At least the devotionals have been good for me--they've helped me re-focus each night, even when they haven't helped me refrain from losing my temper. Tonight I got to think about the anticipation of Christmas. That feeling that I still remember from my childhood that's so keenly part of the magic of Christmas. I explained to the kids that if they magnified that feeling by 100, they still would not come close to the anticipation that we felt the night the Savior was born. A night we had been anticipating since the creation of the earth, for thousands of years. No wonder the heavenly hosts could not contain themselves from singing their praises. During the Christmas season, I bring out my Brian Kershisnik painting:
There are many things I love about this painting, one of which is the angels of all ages and sizes, crowding around to see the baby whose birth was hard-coming and long-awaited.

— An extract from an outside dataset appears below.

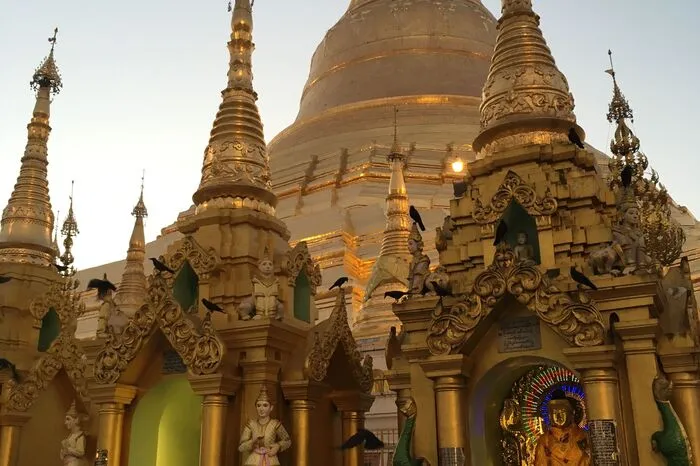 Von der Shwedagon-Pagode in Yangon geht dann einbesonderer Glanz aus.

The speaker in church today is a famous artist who lives in our ward. He spoke about the color crimson--alizarin crimson. For an artist, it's a hard pigment because it's impossible to cover. Even if an artist applies a thick coat over it, in time, you will still see the crimson below. It's called "ghosting." The only way to erase the color is to subject it to continuous bright sunlight, which will fade it to gray and eventually to white. The speaker applied this to our sins, which are crimson, as Isaiah said, but, if we subject them continuously to the light that is the Savior, they can be white. Christ's gift to us, said the speaker, is forgiveness. Our gift to him is repentance, is our sins.
And that is why I think I was among those heavenly hosts, even if I wasn't in Bethlehem singing, I'm sure I was singing wherever I was, even if I was surrounded by small spirits who were throwing things and prattling on and complaining. I'm sure I was rejoicing, as I continue to do.